The nextflow kuberun
command will automatically create a pod that runs your pipeline. Alternatively, you can provide your own pod spec. The kube-run.sh
script can generate a pod spec and launch it using the same parameters as nextflow kuberun
:
# transfer local nextflow.config if necessary
./kube-load.sh <pvc-name> nextflow.config
# run pipeline
./kube-run.sh <pvc-name> <pipeline> [options]

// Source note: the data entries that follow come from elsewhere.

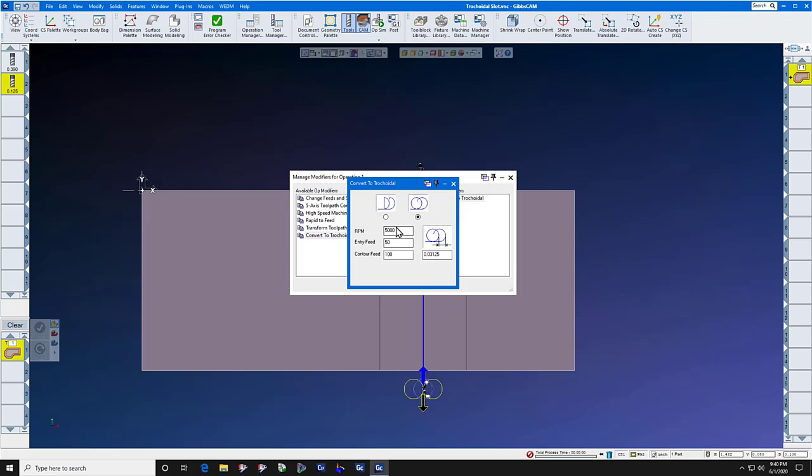Our RPM for this stainless steel material and a one-eighth inch solid carbide end mill is fourteen thousand five hundred. And the feed rate is fourteen point seven.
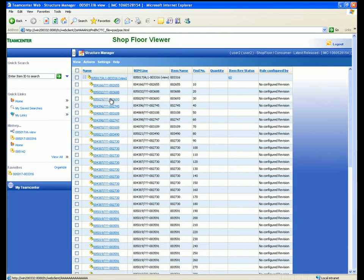We select the product structure and the structure manager is opened. Here we can browse the sub-assemblies and components that make up this assembly.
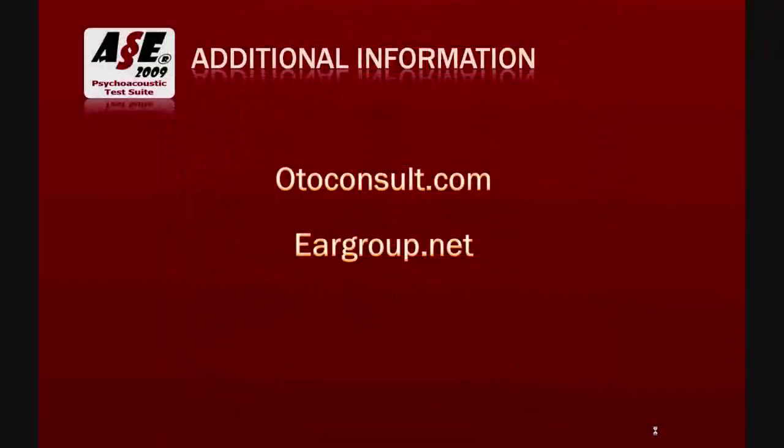ACE has been developed by AutoConsult in close collaboration with the AI group. More information can be found on their websites. For other information, please send an email to info at autoconsult.com.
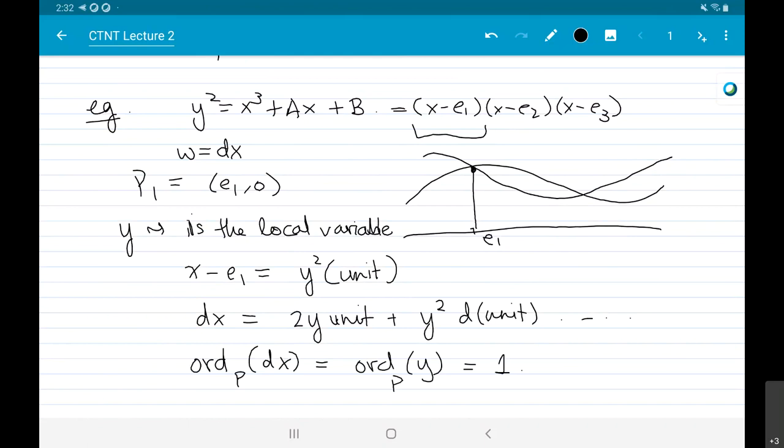I think I'll stop there. This example is fleshed out more completely in the notes, so you can look at that. Tomorrow we'll discuss more things about the Jacobian, etc.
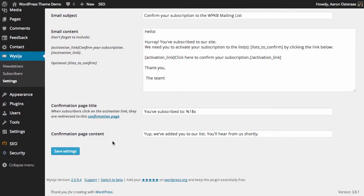And the next setting is to modify the confirmation page title. As you can see here it's you've subscribed to and then a particular code to print it out as the list name, and just the confirmation page content, again very straightforward.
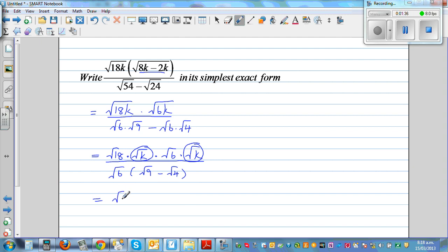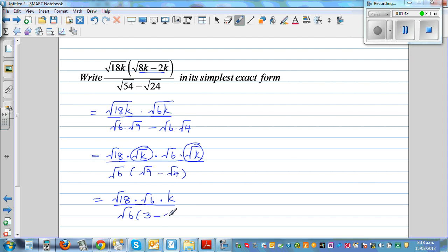So this is square root of 18 times square root of 6 times k, divided by square root of 6 times — what is square root of 9? That is 3, minus 2. So this square root of 6 and square root of 6 get cancelled, and 3 minus 2 is 1. So this is square root of 18 times k as your final answer.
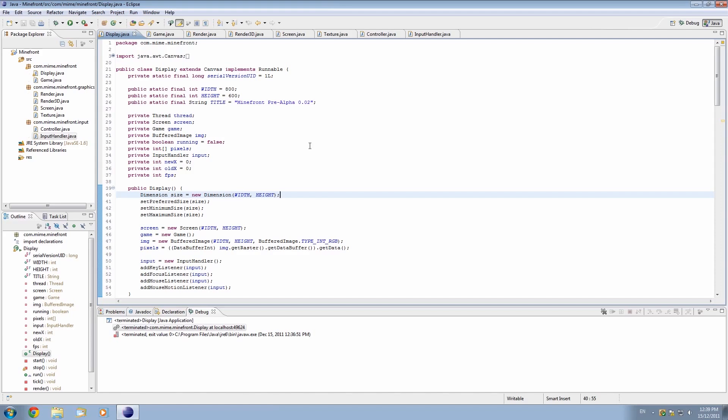First of all, we actually have to add some code that tells Java to run this as an applet. An applet is basically a Java application that can be run within a web browser.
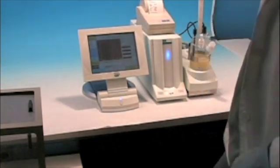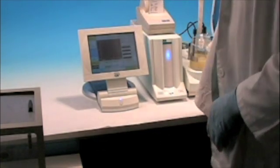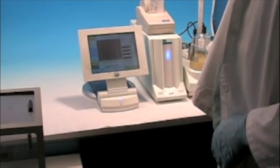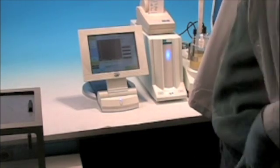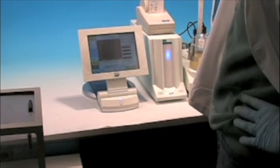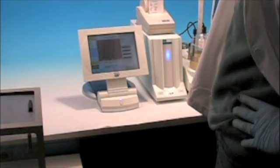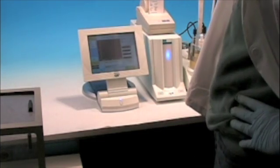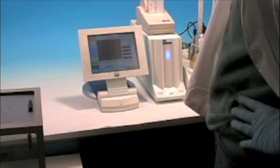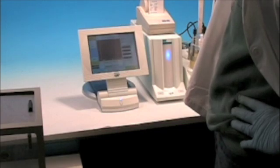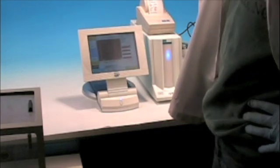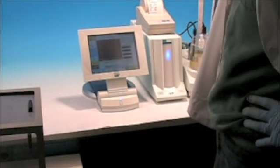So what we did is we ran six tests on this sample, and we ranged between basically 800 parts per million and 900 parts per million.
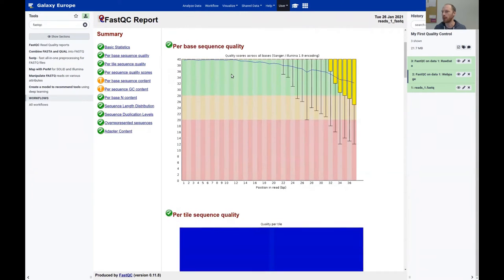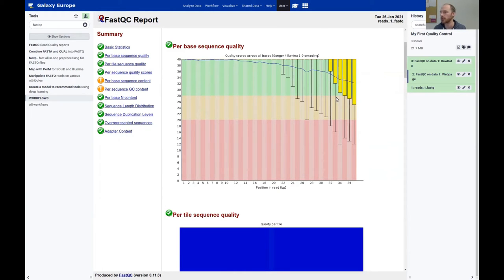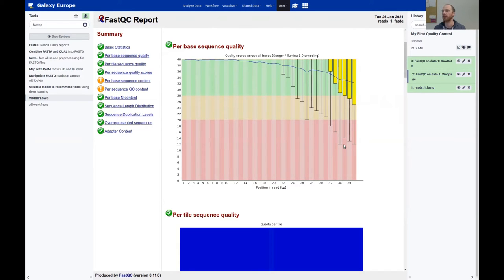Let's go to the first plot: per-base sequence quality. On the x-axis is the position in the read; on the y-axis is the PHRED score. Each position has a box plot showing the distribution of PHRED scores across the read library. The blue line is the mean quality. You can see the majority is in the green area — PHRED score above 28. Only the end bases have quality between 20 and 28, and only very few outlier reads go into the red zone.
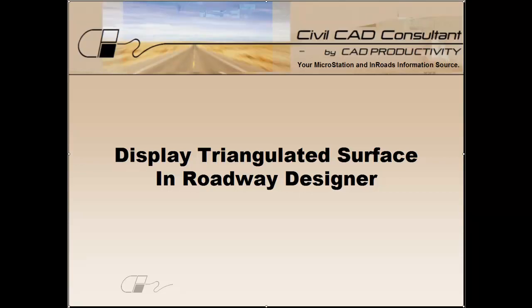Hi, this is Todd with CAD Productivity and welcome to our En-ROADS video quick tip on displaying the triangulated surface in Roadway Designer.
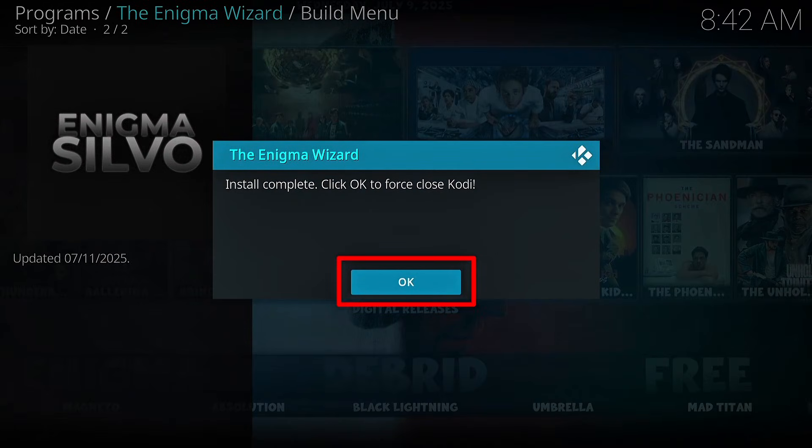After the installation is finished, force close Kodi. Then when you open it, the new skin interface will load up beautifully. Give it at least five minutes before you start using it. The new Kodi build has successfully installed. Whether you're watching movies, TV shows, or sports, this build has everything preloaded and is super easy to navigate.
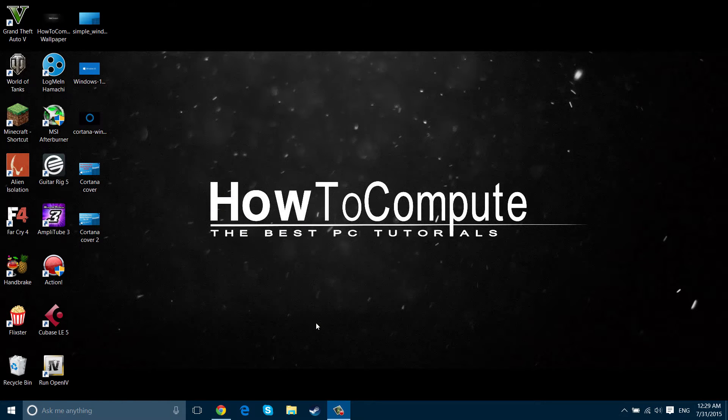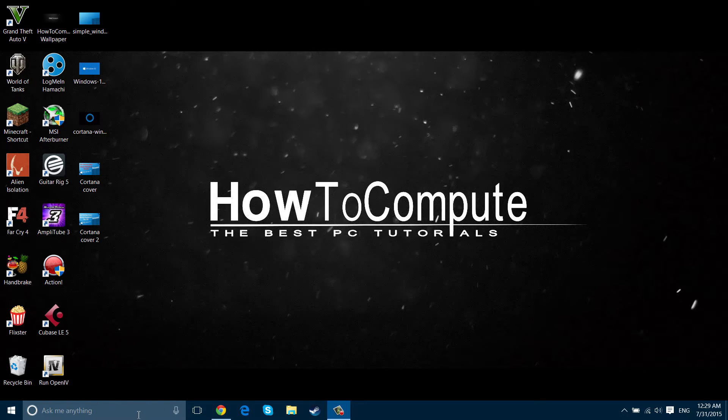Hey guys it's AutoCompute here and today I'm going to show you how to remove the Cortana search bar from the taskbar here.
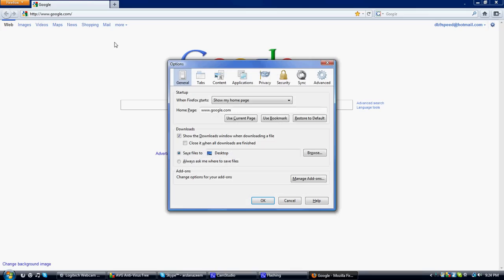After you've done that, make sure it's on general here, and then in startup, it'll say when Firefox starts.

As you run pipelines, nextflow will create pods to perform the work. Some pods may not be properly cleaned up due to errors or other issues, therefore it is important to clean up your pods periodically. You can list all of the pods in your namespace using kubectl
:
kubectl get pods
You can use the kube-clean.sh
script in this repository to clean up dangling pods:
./kube-clean.sh
Lastly, there are a few additional scripts you can use to manage the pods in your namespace:
./kube-logs.sh
./kube-pods.sh
NOTE: Generally speaking, Docker requires admin privileges in order to run. On Linux, for example, you may need to run Docker commands with sudo
. Alternatively, if you add your user to the docker
group then you will be able to run docker
without sudo
.
Build a Docker image:
docker build -t <tag> <build-directory>
Run a Docker container:
docker run [--runtime=nvidia] --rm -it <tag> <command>
List the Docker images on your machine:
docker images
Push a Docker image to Docker Hub:
docker push <tag>
Remove old Docker data:
docker system prune
Test your Kubernetes configuration:
kubectl config view
Switch to a particular cluster (context):
kubectl config use-context <context>
Switch to a particular namespace:
kubectl config set-context --current --namespace=<namespace>
View the physical nodes on your cluster:
kubectl get nodes --show-labels
Check the status of your pods:
kubectl get pods -o wide
Get information on a pod:
kubectl describe pod <pod-name>
Get an interactive shell into a pod:
kubectl exec -it <pod-name> -- bash
Delete a pod:
kubectl delete pod <pod-name>
Create a pod with an interactive terminal on a Kubernetes cluster:
nextflow kuberun login -v <pvc-name>
Run a nextflow pipeline on a Kubernetes cluster:
nextflow [-C nextflow.config] kuberun <pipeline> -v <pvc-name>
NOTE: If you create your own nextflow.config
in your current directory then nextflow will use that config file instead of the default.